5 Eylül 2008 Cuma

Outdoor'da "Metin Olun"...

1 hafta, belki uzun süredir Penelope Cruz'un puslu bakışları, rüzgardan dağılmış saçları ve yine rüzgardan korunduğu belli, sarındığı içine gömüldüğü ceketiyle, beklenen sonbahar-kış kreasyonlarına biri yollara düştü. Yollara düştü derken yanlış anlaşılmasın yani, yollarda sürünen İstanbul kadınına ulaşmak için reklamınızın da yollara düşmesi gerekir. Hemen her durakta gördüğüm o üşümüş kadın imajı son zamanlarda özendiğim yegane şeylerden biri haline geldi. 

"Havalar soğusada üşüsem"

Sapıkça değil, kışı seviyorum. Üşemeyi de belki. Sonuçta kış daha stabildir. Kararlıdır, hava koşullarına karşı kendimize ayar çekebiliriz.

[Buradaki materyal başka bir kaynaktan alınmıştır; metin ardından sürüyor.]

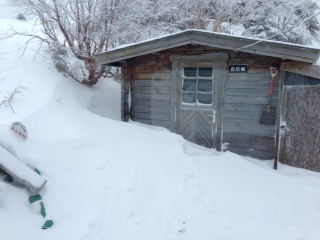 雪に埋もれる小屋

Üşüdüğümüz kadar giyinir, giyindiğimiz kadar ısınırız. Ancak biliyoruz ki yazın soyunsak da terliyoruz. Mobil klima diye bir olgu olmadığından da serinlemek ofis veya evlerimizde, olmadı küvetin içinde havuzda denizde oluyor. Masraflı bence. Hemde kesin çözüm değil, klimanın atış alanından 1 metre sapsan şıp şıp terlersin.

Biraz ümitsizim. Çünkü aylardan eylül, yazın bitesi yok, bitmeye niyetlense bile kış gelir mi ne zaman gelir muamma.

Ama şöyle kış gelse, kıllı tüylü çizmelerimizi, hırkalarımızı kazaklarımızı giysek, eller cepte tir tir titreyerek yürüsek İstanbul'da.

Markayla ilgili yorumda bulunmuyorum. Sevdiğim, beğendiğim, hatta zaman zaman hayretle hayranlık arasında elime aldığım ama kimi zamanda "yok bunu giyemem" diyerek malesef yerine bıraktığım nadide orjinal güzellik.